The Dirt on Kathmandu
The first thing that strikes you is that Kathmandu is a dusty town. Maybe 1 in 5 people wear masks or scarves against the dust stirred up in the air. Aside from that it looks like a more civil version of a large Indian city. Traffic is terrible and walking usually seems a better option. There are traffic police everywhere to direct and to stop you from parking in touristic areas and they are really not kidding about it.
There are differences from Indian cities. This was the first place where I have seen an openly advertised abortion support centre. It is also the first time I have seen condoms advertised - Manforce Jasmine flavoured condoms. Manforce, indeed.
The other thing that strikes you is how much damage there still is from the 2015 earthquake. Durbar Square, which was once the home to the palace and many, many temples is fundamentally destroyed. Much of the palace is crumbled and some of what is still standing is twisted and cracked. Ancient temples are reduced to their foundations and the rubble of the actual temples has been removed. We were told that many people were killed when Shiva’s temple, the famous “Hippy Temple,” collapsed. Many buildings of the square are wrapped in bamboo scaffolding and “China Aid” signs, or are being supported by wooden beams.
It’s not just the centre, either. Nepali traditional homes are made from mud and either stones or brick, which fell apart during the earthquake. The countryside is full of newer homes as a result.
One of the buildings that is braced all around but still standing is the palace of the Kumari. The Kumari is understood to be the manifestation of a goddess in a young girl.
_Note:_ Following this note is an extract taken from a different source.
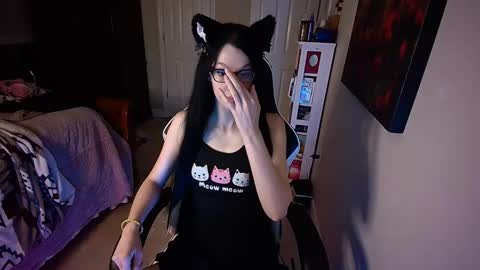 razorkitty online show from 6, 1, 2026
She used to be the goddess to the king but Nepal royalty are no more. In 2001 the crown prince killed his entire family at a dinner party, minus one uncle who became an unpopular king who was voted out a short while later, making Nepal a republic. Anyway, this young child is understood to house the goddess until she is 16. At that point the goddess leaves her body and the girl goes back to her family. The current Kumari is 5 years old and was discovered as the incarnation of the goddess when she was 3. We were very lucky that she came to her window when we were present. She looked around the courtyard of the chowk with a serious intense gaze for a few seconds before moving back from the window. To me, it felt a bit electric but some people in my group found it disturbing. Did we actually see a living goddess or a messed up, lonely little girl?
Bouddhanath Stupa is one of the worlds largest stupas and a Kathmandu must see. It consists of a large white dome on a series of plinths that seen from above create a mandala. Above that is a golden pinnacle painted on all four sides with the eyes of Buddha and on top is a pure gold spire donated by Tibet. The entire golden top was destroyed in the earthquake and reconstructed with the help of donations. At the bottom of all this is a circuambulation path used by a crimson profusion of monks, nuns and pilgrims. Incense, prayer flags, singing bowls and chant cds are for sale all around the site so it’s loud and busy. I bought a Green Tara prayer charm and had it blessed by a holy midget. He wasn’t dressed as a priest but he was very thorough in his blessings. One guy who was dressed as a priest just wanted to be in selfies. People aren’t always what they seem.
One of my favourite sights are the clusters of old men in their patterned Nepali hats sitting and gossiping. They put hipsters to shame with their stylishness.
Leaving Kathmandu for Pokhara one sees charming agriculture based villages terraced under the gorgeous mountain vistas. Broken down vehicles are pulled over to the side of the road with tree branches sticking out of the front and back bumpers to signal. Road crews of men and women sledge larger rocks and work in teams to shovel sand and gravel under a burning sun. I cannot imagine Canadians being willing to do this sort of labour by hand.